Wednesday, January 9, 2013

Bangladesh must refrain harassing editor M Rahman, Amnesty International

The Bangladeshi authorities must refrain from harassing and prosecuting newspaper editor Mahmudur Rahman, reports the UK-based human rights body Amnesty International on Tuesday (January 08, 2013).

Mahmudur Rahman has been threatened with prosecution for publishing a Skype conversation between the then chairman of the International Crimes Tribunal-1 and a Bangladeshi legal expert, the rights body added. After being warned that he could be arrested anytime he has not left his newspaper’s offices since December 13 last year, except for a brief trip to the court on January 8 to seek anticipatory bail. The court is yet to grant his bail. 

“Everyone, including Mahmudur Rahman, has the right to freedom of opinion and to seek, receive and impart information through any media,” said Abbas Faiz, Amnesty International’s Bangladesh researcher. 

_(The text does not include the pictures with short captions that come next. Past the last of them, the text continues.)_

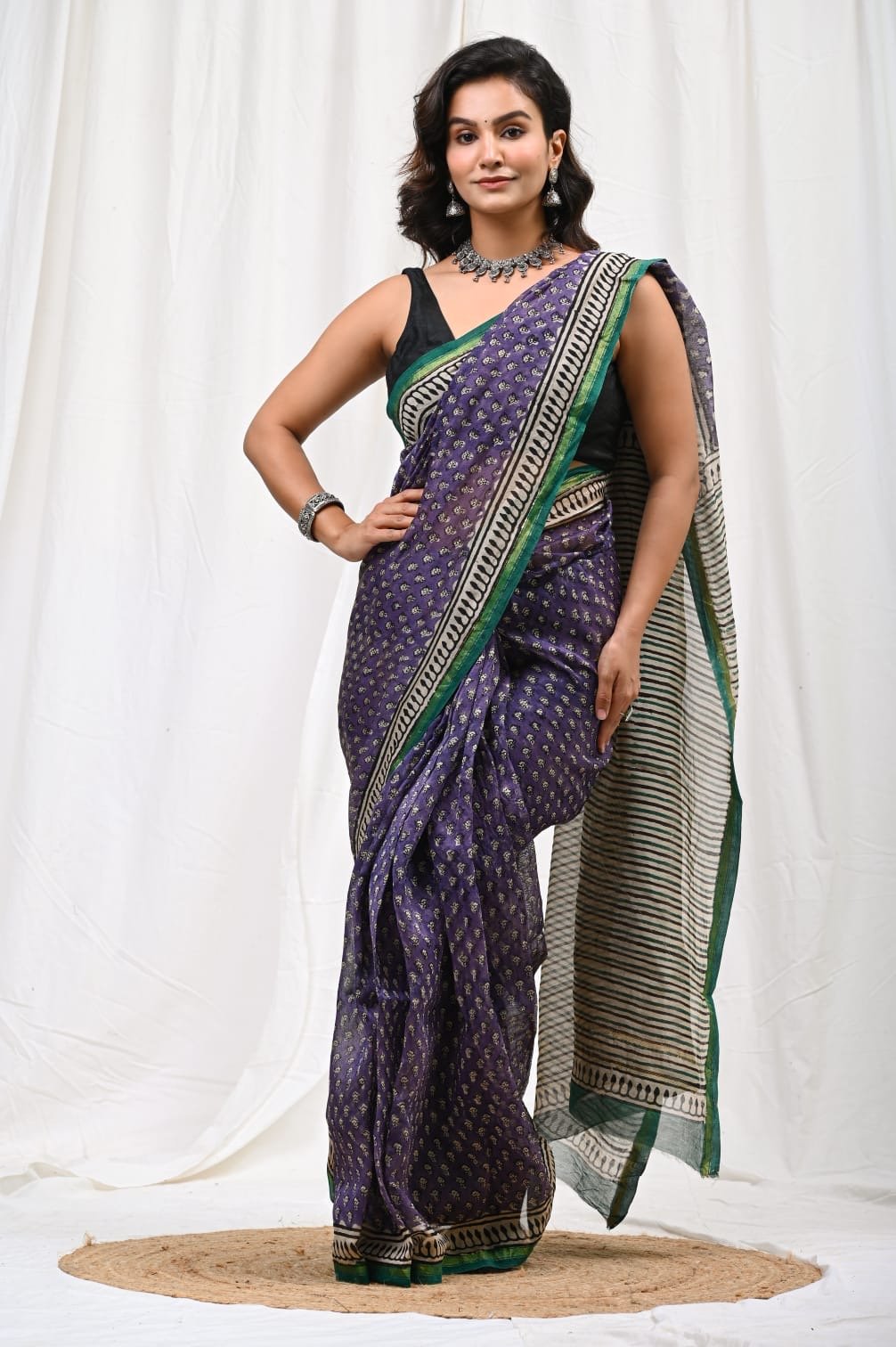 Purple saree with buti motifs, green geometric border and sheer Chanderi silk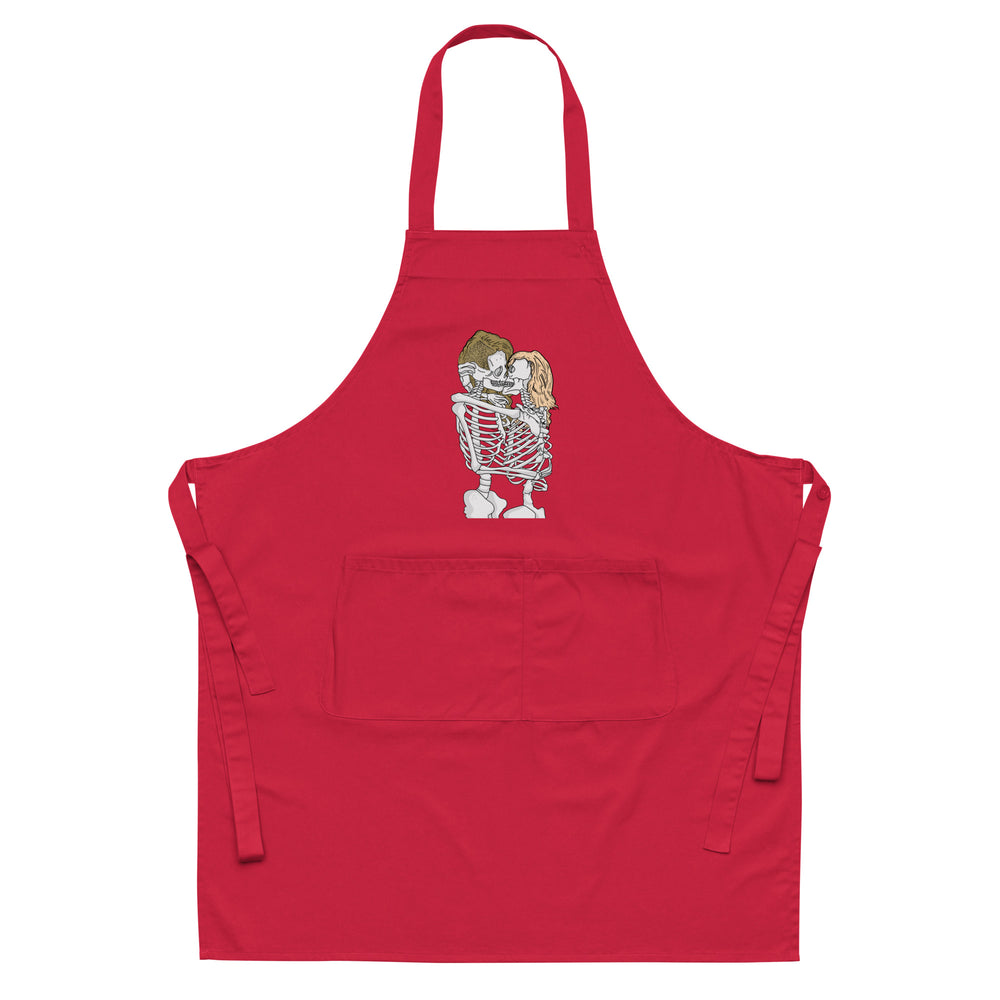 Front view of a red apron with a central illustration of two kissing skeletons and a large pocket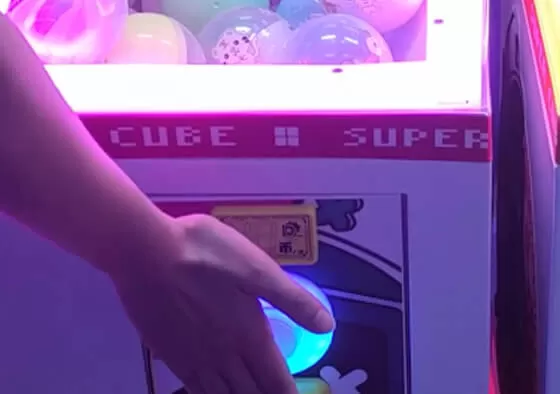 2. Press the Operation Button: Press the button to release the gashapon capsule from the track.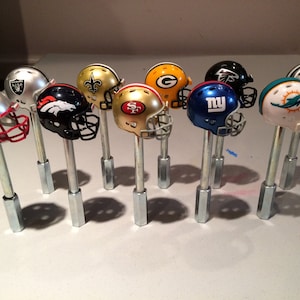 May include: A collection of miniature football helmets, each representing a different NFL team, are displayed on metal rods. The helmets are painted in team colors and feature team logos. The helmets include the New England Patriots, Denver Broncos, New Orleans Saints, San Francisco 49ers, Green Bay Packers, New York Giants, Philadelphia Eagles, Miami Dolphins, Dallas Cowboys, and the Oakland Raiders.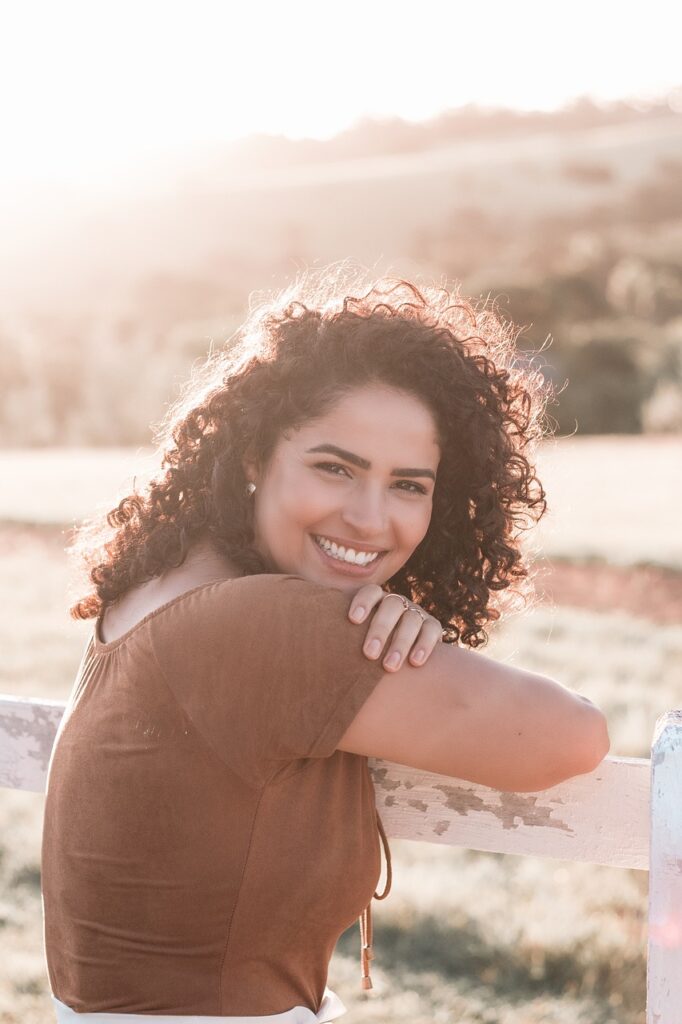 A woman smiling.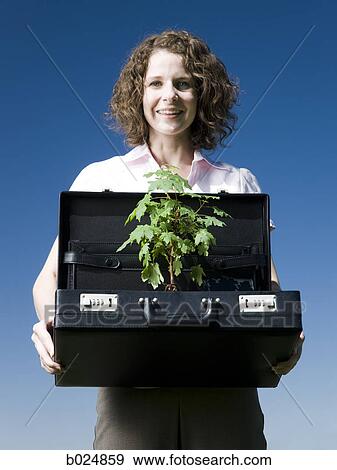 Stock Photo - woman holding a briefcase with a tree in it. Fotosearch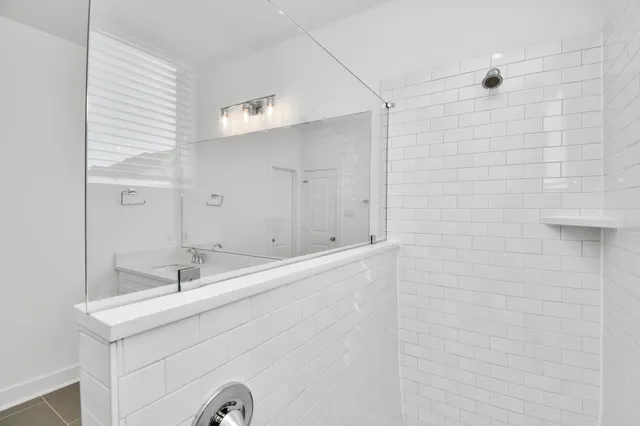 a bathroom with a shower sink and mirror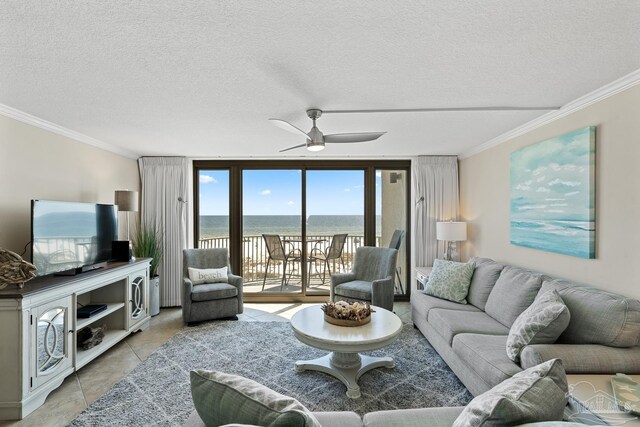 living room with ornamental molding, a water view, light tile patterned floors, and a textured ceiling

“He has been previously detained and tortured for publishing articles in the public’s interest,” he added. “A full report on the Skype conversation had already been published by the UK magazine The Economist and also posted on the YouTube website.” There was no legal ban on the publication of that material in Bangladesh during the time that Amar Desh was publishing it from December 9 to 13 in 2012. 

The newspaper stopped publishing the reports on December 13 when a court injunction banned Bangladeshi newspapers from publishing those. It was after the court injunction that the government obtained a court order from a High Court bench, which required the police to take “necessary action” against Rahman on the basis of the allegation that he had committed sedition by publishing the Skype conversation. The government must ensure that everyone, in particular journalists and editors, are free to express their views and opinion peacefully without being harassed, intimidated, detained or tortured.